Monday, January 15, 2007
Ahhh baths. I could end this post here and be content. I love baths. I take a bath every night, as it is my reward for getting through the day. I look forward to baths like most people look forward to a hot fudge sundae after dinner. Of course, I am not talking about "fill the tub with water and get in" bath. I am talking about "creating an aromatic aromatherapy healing bath." Now doesn't that sound appealing? I love to just take a nice long soak, and I also like to take a nice long read. You can often find some of my books and magazines a little bit water logged.

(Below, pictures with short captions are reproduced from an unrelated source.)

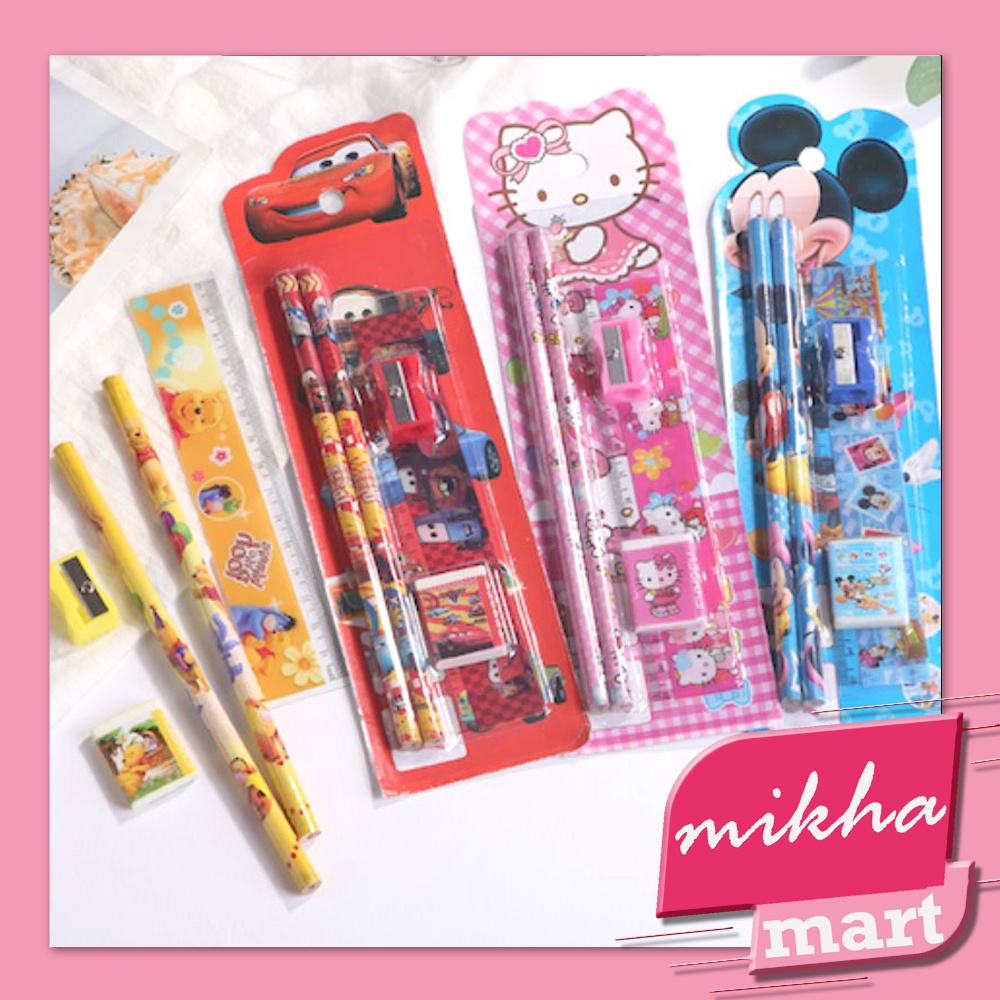 

Stationary Alat Tulis Set Mini Set 5 IN 1 Pensil Set Karakter 5IN1 Kartun - MKM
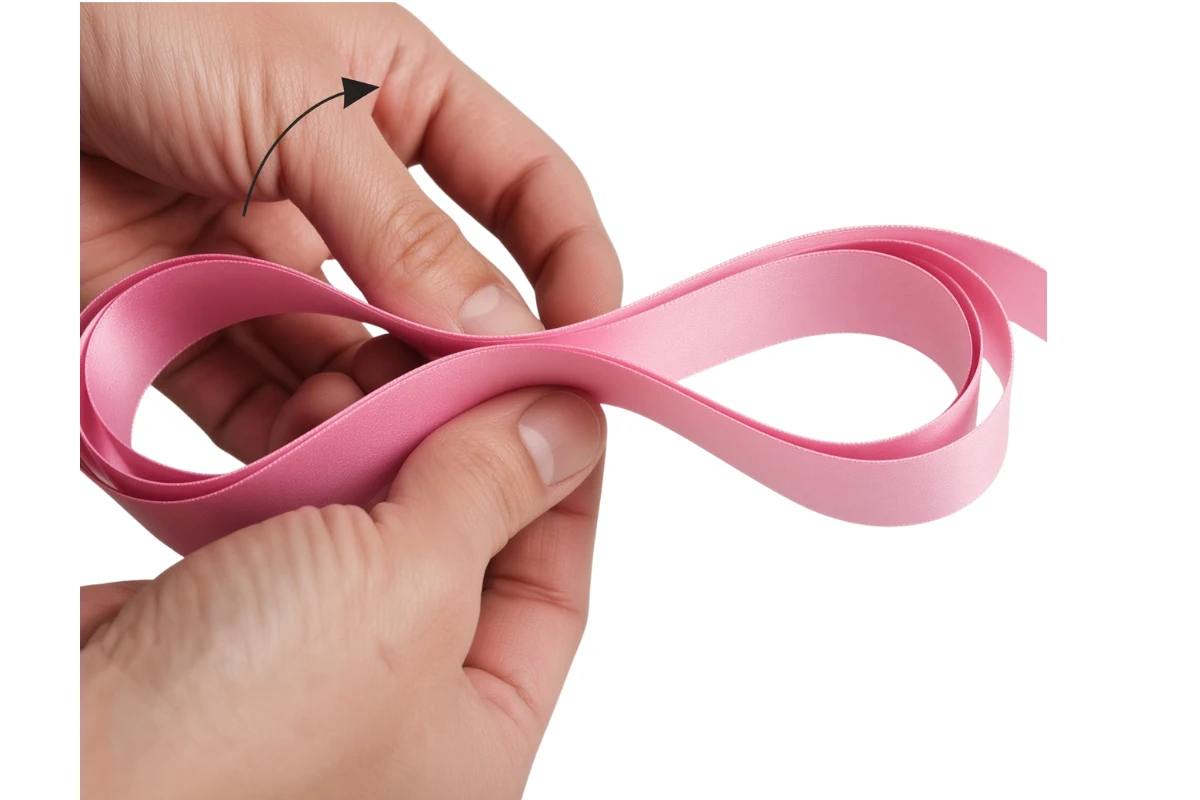 making a pom-pom ribbon bow step 3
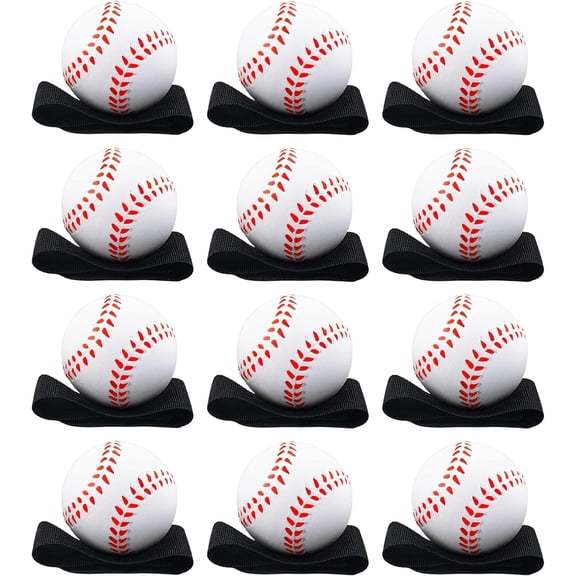 Playbees Reactive Practice Baseballs on Elastic Cord for Training Fun Outdoor Activities, 12 Pack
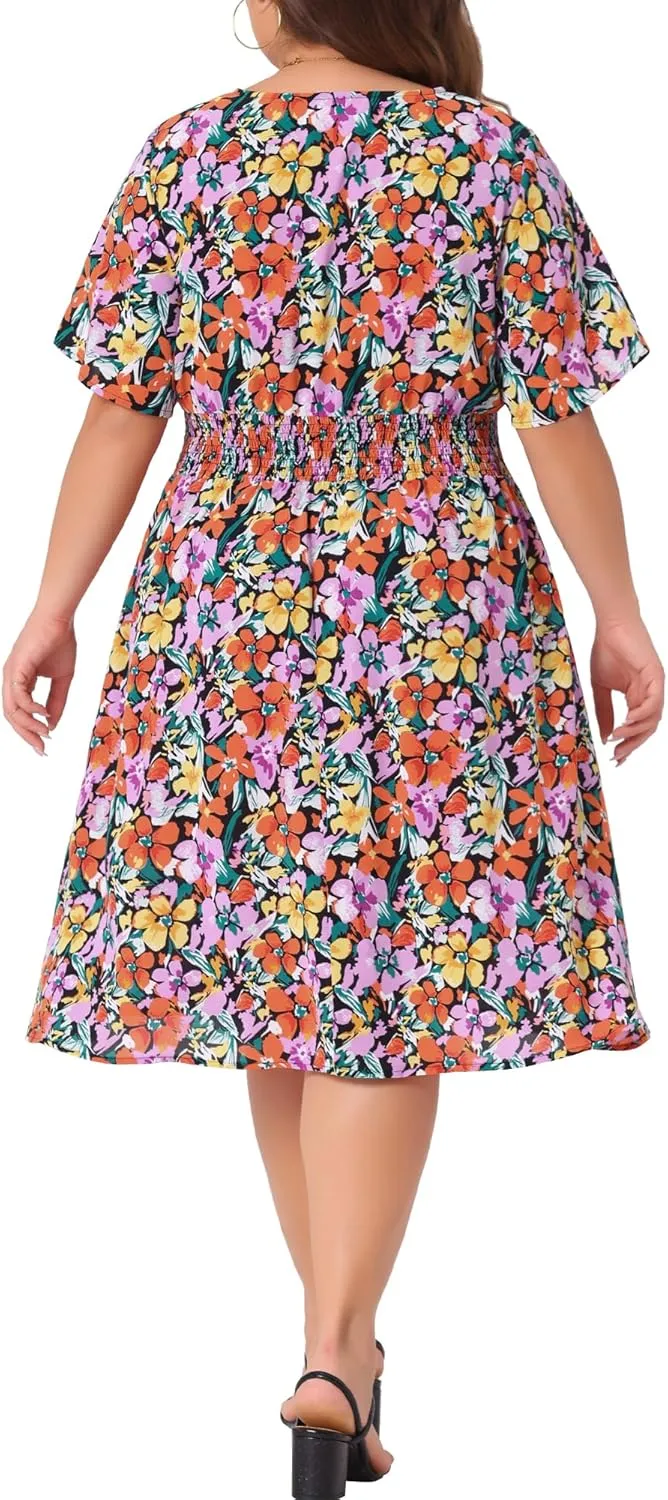 Agnes Orinda Plus Size Dresses for Women 2024 Summer Elastic Waist V Neck Short Sleeve Floral Midi Dress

Baths have deep roots in ancient history. Ancient aromatic baths were as much a part of the culture as eating. Common areas were often filled with large public baths. Royalty and those more affluent had huge area's of their homes dedicated to large baths. Precious essential oils, herbs, and milks were reserved for bathing and anointing the body. Fresh rose petals and other flowers were floated in the waters. It was an experience, not just a means of cleaning the body. It was symbolic of cleansing the spirit as well. The design of this aromatic bath was a renewal of sorts. To clean the entire soul. Because essential oil molecules are some of the tiniest to be found, and are so easily picked up by the olfactory system and carried to the emotion center of the brain (hypothalamus), the oils played a key role in this experience. They were primarily used for the skin, but mostly for the brain and spiritual senses. The herbs were chosen for their therapeutic effects on the body as well as overall cleansing powers.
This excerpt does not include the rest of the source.